Note sur la série "Vague" 2020-2021

«C’est du nouveau toujours vieux, et du vieux toujours nouveau» *(1)

 

      Les installations 1,2,3,4,5,regroupées sous l'intitulé " Vague" parlent de ma tante diagnostiquée schizophrène au début des années 50. J’ai passé un mois auprès d’elle et ma grand-mère à Brest entre mes 7mois et demi à 8 mois et demi . Mais cela ne m’a jamais été dit ,rapporté.

 

     Après avoir subi les traitements psychiatriques annihilants de cette époque, ma tante a passé la majeure partie de sa vie à l’hôpital psychiatrique de Morlaix .

      Dans les années 1980, suite à des études d’art plastiques avortées, j’ai décidé de me lancer dans «la vie dite active». Par ma voisine de palier, j’ai eu connaissance de la profession d’infirmie.è.r.e de secteur psychiatrique dont les études étaient rémunérées. ( ce qui n’est plus le cas depuis 1992) et m’y suis engagée.

    

    Durant près de trente années, parallèlement à mon activité d’artiste plasticienne, j’ai donc, pratiqué celle d’infirmie.è.r.e de secteur psychiatrique puis d’art thérapeute, profession me permettant aussi de financer ma pratique artistique.
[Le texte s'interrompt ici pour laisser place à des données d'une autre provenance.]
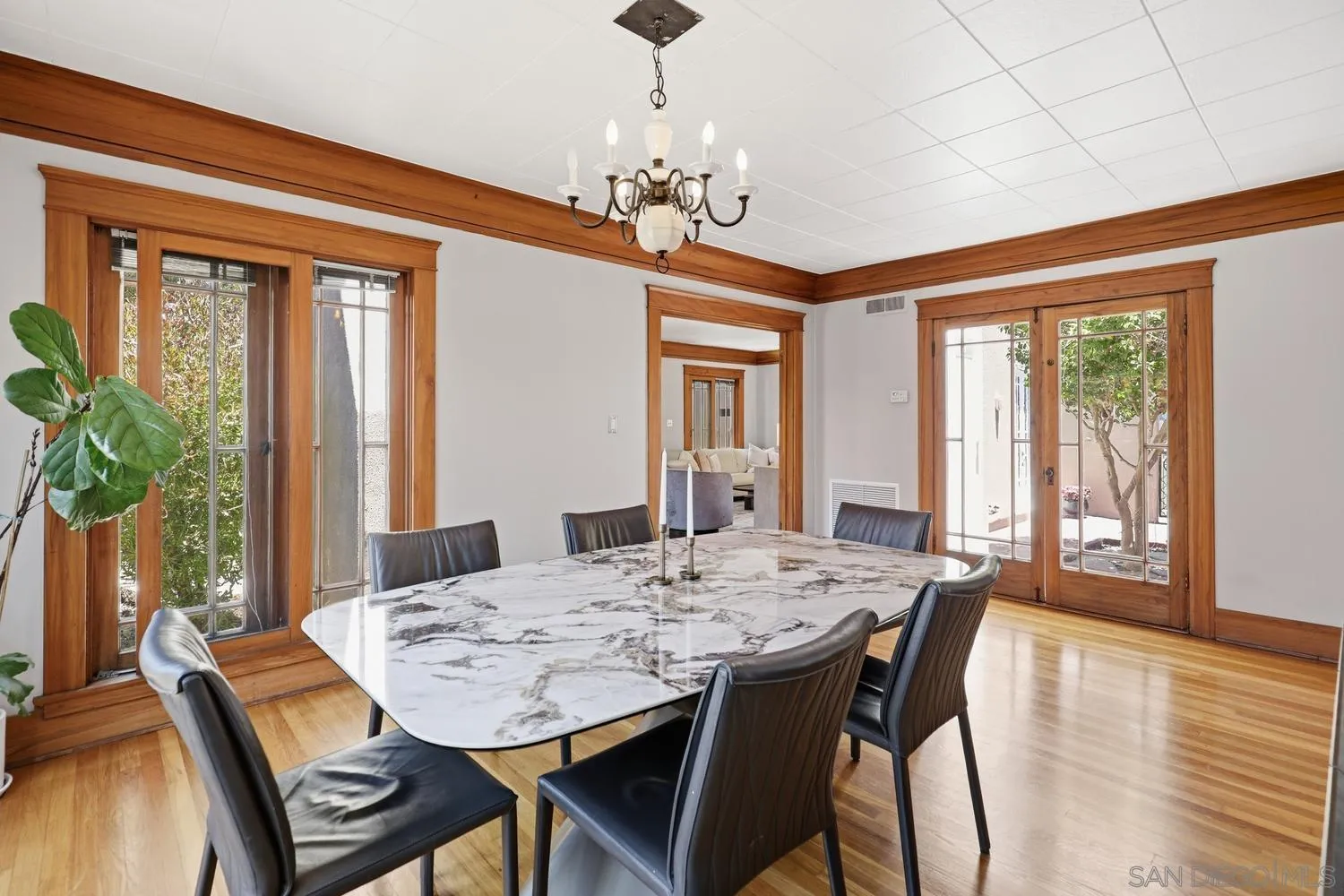 https://cdn.realtyfeed.com/cdn/127/260013269/32339fc43ec42132446f0ab3fff70fea.webp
Restant consciente de leur inadéquation et opposition: l’une liée au désordre de la créativité et l’autre à l’ordre du savoir et de l’institution, j’ai choisi de les allier, de leur trouver des correspondances bilatérales, notamment entre processus de créativité et reconstruction identitaire (*2) tout en interrogeant les principes d'unité et d'harmonie. 

 

    A la mort de ma tante en mai 2008, j’ai récupéré spontanément ses affaires: c’est à dire une valise pleine de photographies. La plupart représentaient des personnes que je ne connaissais pas, car durant ma jeunesse nous ne rendions jamais visite à cette branche de la famille.

 

    Tout long de ma vie je suis née en 1956, je n’ai pas compris tous ces noeuds qui me rattachaient à ma tante et au sol breton, pourtant cela n’a cessé de m’appeler dans ma chair, de me surprendre tout en dépassant mon entendement. Je constatais juste une sorte d’analogie, correspondance ayant souvent eu une relation privilégiée avec des patients souffrant de schizophrénie et une attirance toute particulière pour les théories sur l’origine du lien.

 

     Ces photos aux dates et aux lieux précis.e.s inscrit.e.s à leurs dos, je les ai regardées à maintes reprises sans rien y voir de particulier. Le confinement de 2020 m’a fait m’attarder sur elles et permis de les regarder plus longuement.

     Et c’est là que j’ai compris ce mois heureux et cet accès au bonheur que ma tante m’avait transmis, cette trace indélébile laissée dans mon être: esprit et corps confondus.

     

      Ces 5 installations  faisant partie d’une même série «Vague» ont comme point de départ des photos que ma tante a conservées près d'elle tout au long de sa vie. J’ai conçu cette série comme un "dialogue sous eaux",où les images de ma tante se mêlent aux miennes au travers de sculptures, d'installations: une façon de joindre nos mémoires, nos histoires en un nouveau récit, de donner corps à une vie restée dans l'ombre institutionnelle. Pour cette série, l'ombre se transforme en source de lumière, celle qui éclaire et reconnait. Liés à cet élément de l'origine: l'eau, par son mouvement perpétuel de flux et reflux, ces travaux sont comme d'éternels retours où  «C’est du nouveau toujours vieux, et du vieux toujours nouveau» *. 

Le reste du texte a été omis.